Они целовали русских девушек, целовали, прощаясь с Россией. Нелегкая жизнь, борьба, свобода… Настоящая мужская работа. Это им дала революция. Теперь, когда нужно расставаться с этой страной, они чувствовали, что оставляют здесь частицу своей души. Родина — великий магнит, притягивающий их к себе, а здесь другой магнит — свобода…
Девушки каждый вечер ждали их, но пришел день, когда Имре и Иштван не смогли пойти на свидание. Хотели еще раз побывать в Третьяковской галерее, но тоже не смогли. Сняли с себя военную форму, получили взамен гражданскую одежду, сели в поезд.

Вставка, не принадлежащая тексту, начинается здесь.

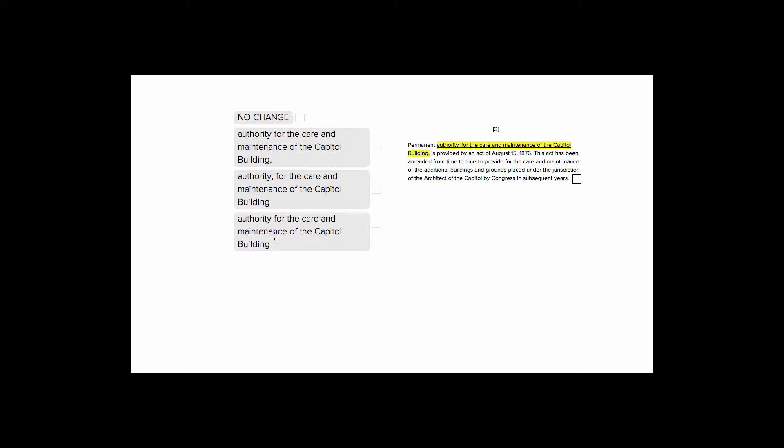So let's look at the sentence to see if we need commas, and if so, where we should put those. The sentence tells us, Permanent authority for the care and maintenance of the Capitol building is provided by an act of August 15, 1876. So our entire subject of the sentence is this whole big chunk. Permanent authority for the care and maintenance of the Capitol building is our entire subject.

Направление — на Петроград, затем путешествие морем и неопределенность, неуверенность в будущем.
В поезде Мишка Хорват лежал на верхней полке (впервые ехали они по России в пассажирском вагоне) и, свесившись, говорил Дани Риго:
— Эй, Дани, хорошо, что у нас нет жен! Полка такая узкая, что жена рядом со мной не поместилась бы.
— Ну это не беда! — так же шутливо отвечал Дани. — Прислал бы свою жену ко мне, а я уж как-нибудь устроился бы с ней.
— Это ты умеешь! — засмеялся Лайош Тимар. — Ты и в Москве все возле девушек кругами ходил.
— А несчастного Билека мне жаль. Я бы выбросил этот идиотский сундук.
— Оставь Билека. Ему хорошо, ему лучше, чем нам. Он чех, его не отвезут ни в Чот, ни в Залаэгерсег, где хортисты организовали огромные концлагеря, уж не говоря о тюрьме на проспекте Маргит… А из нас потроха повыпускают к чертовой матери!